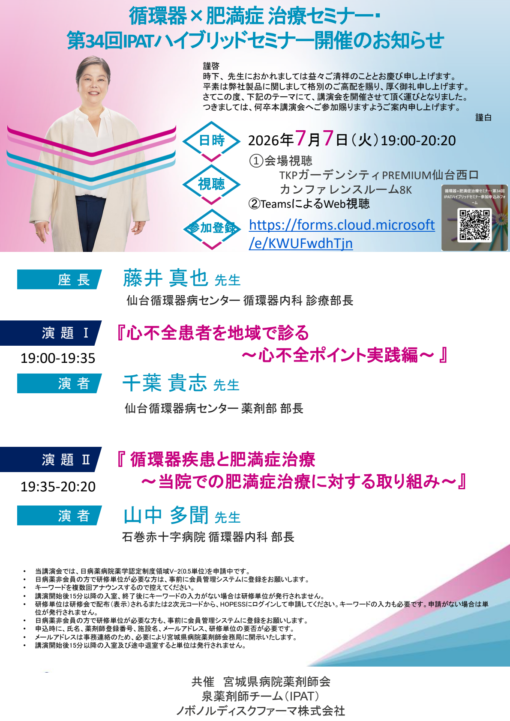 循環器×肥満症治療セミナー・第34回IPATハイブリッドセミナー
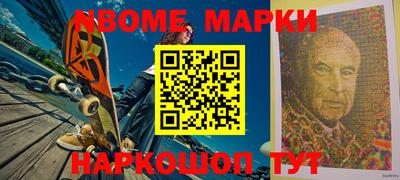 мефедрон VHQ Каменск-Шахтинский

+---+

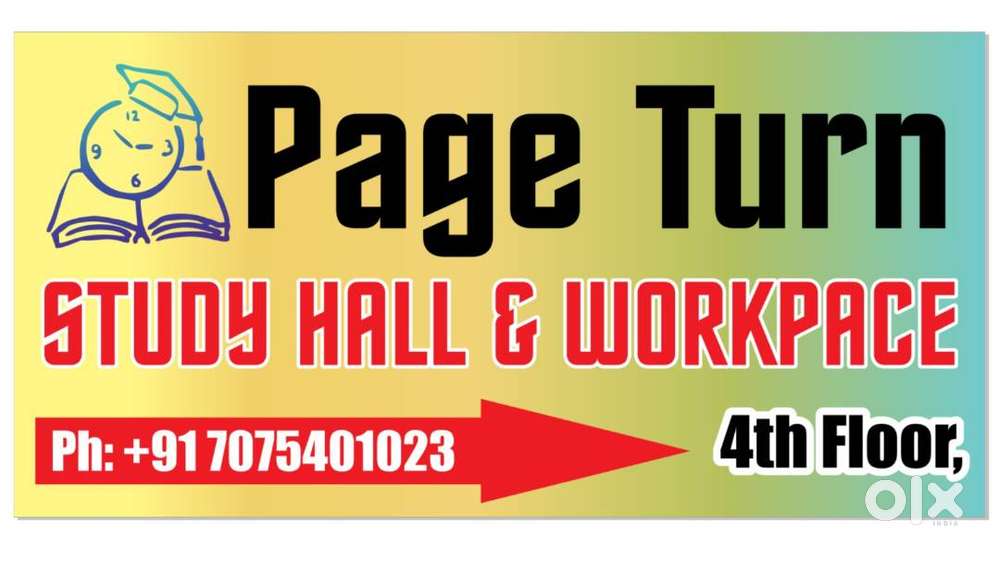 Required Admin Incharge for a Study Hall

+---+

Copy the lines above exactly, starting with the line that contains "循環器×肥満症治療セミナー・第34回IPATハイブリッドセミナー" and ending with the line that contains "мефедрон VHQ Каменск-Шахтинский", and leave out any pictures.

▶ **Task answer**:
 循環器×肥満症治療セミナー・第34回IPATハイブリッドセミナー
 мефедрон VHQ Каменск-Шахтинский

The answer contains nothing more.